The problem -> After locating the line that holds "повышение проницаемости клубочковых", copy that line and all that follow it word for word through the end of the data, with no pictures.

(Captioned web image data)
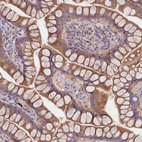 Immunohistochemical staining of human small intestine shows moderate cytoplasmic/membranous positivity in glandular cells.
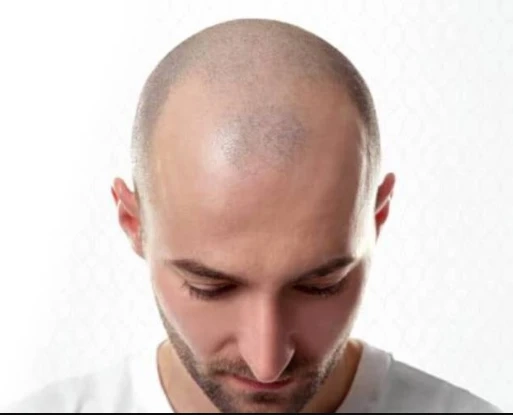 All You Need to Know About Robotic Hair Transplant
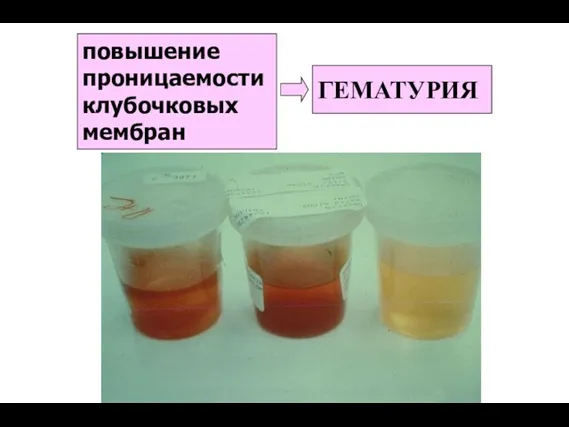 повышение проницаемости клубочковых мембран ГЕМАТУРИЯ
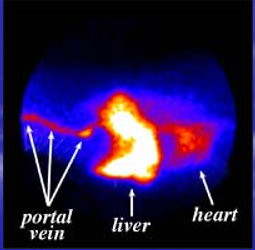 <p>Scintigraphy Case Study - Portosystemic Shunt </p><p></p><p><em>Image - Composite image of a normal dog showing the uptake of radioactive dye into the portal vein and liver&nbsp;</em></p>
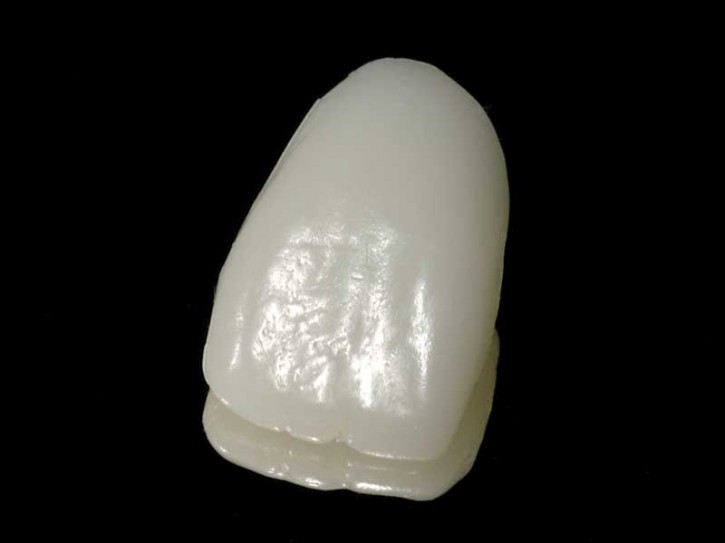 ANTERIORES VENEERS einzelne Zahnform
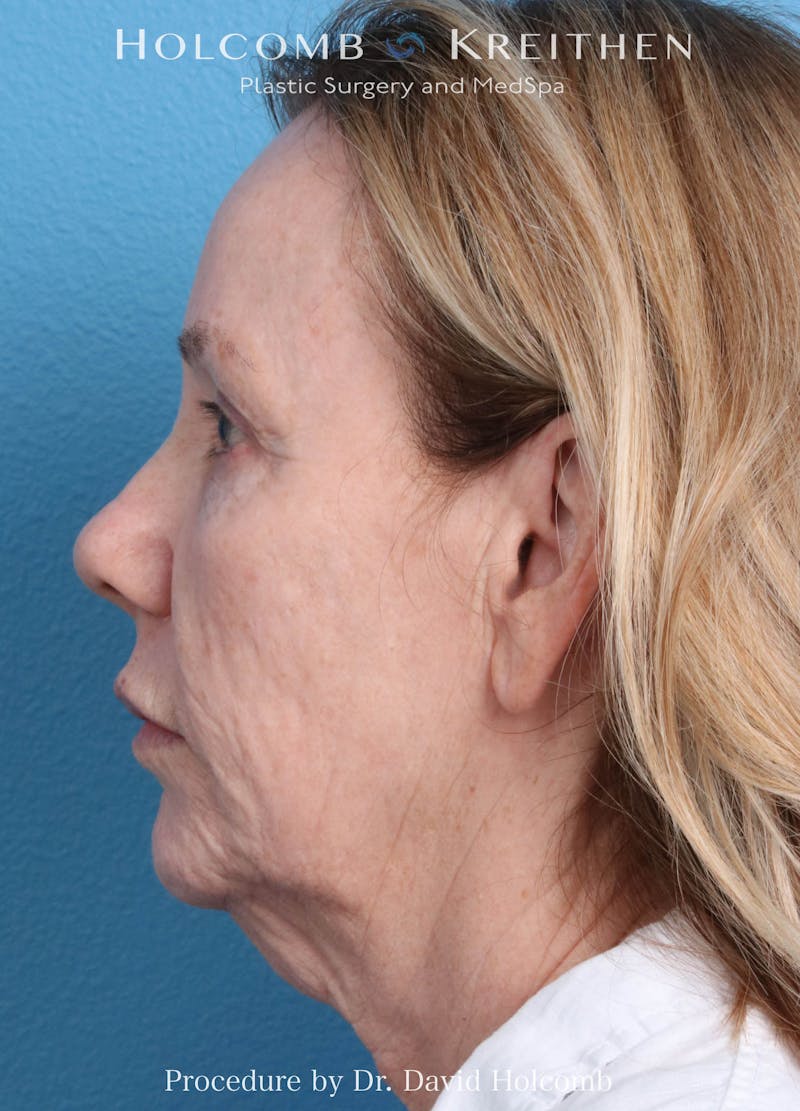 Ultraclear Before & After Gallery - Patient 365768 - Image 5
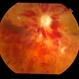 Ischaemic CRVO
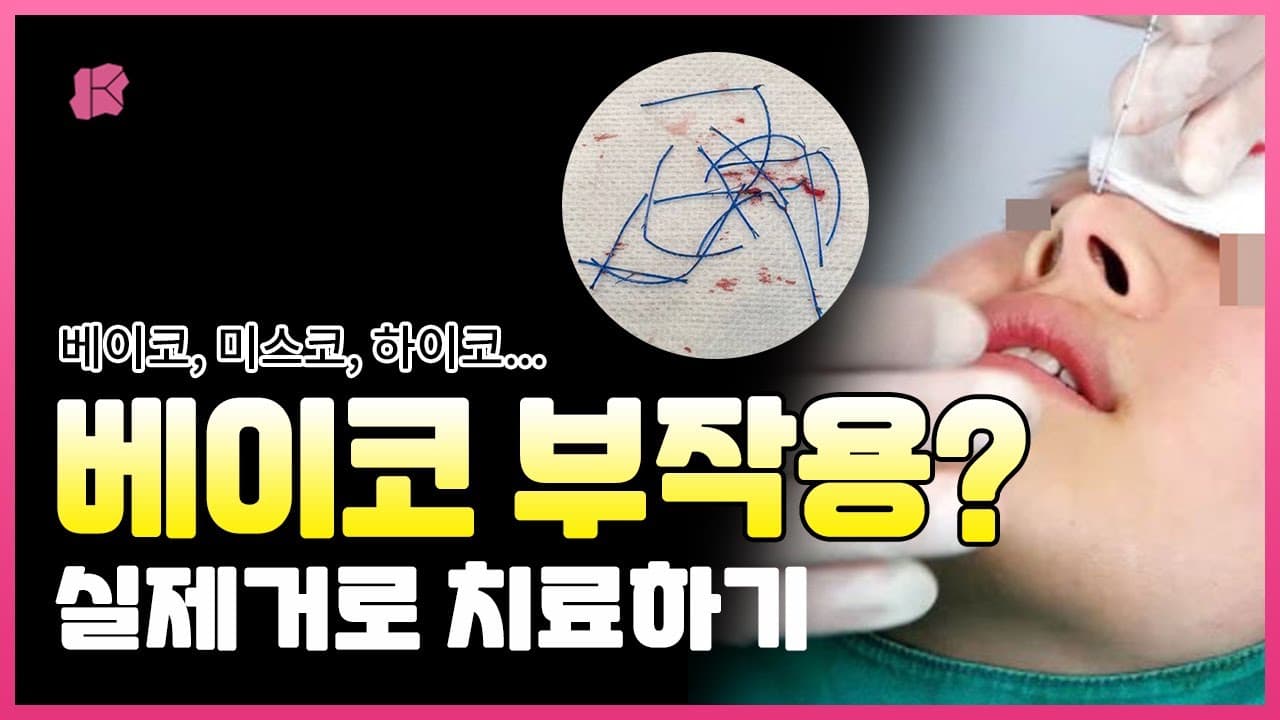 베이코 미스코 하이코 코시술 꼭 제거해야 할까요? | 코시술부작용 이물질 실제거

Output of the task ->
 повышение проницаемости клубочковых мембран ГЕМАТУРИЯ
 <p>Scintigraphy Case Study - Portosystemic Shunt </p><p></p><p><em>Image - Composite image of a normal dog showing the uptake of radioactive dye into the portal vein and liver&nbsp;</em></p>
 ANTERIORES VENEERS einzelne Zahnform
 Ultraclear Before & After Gallery - Patient 365768 - Image 5
 Ischaemic CRVO
 베이코 미스코 하이코 코시술 꼭 제거해야 할까요? | 코시술부작용 이물질 실제거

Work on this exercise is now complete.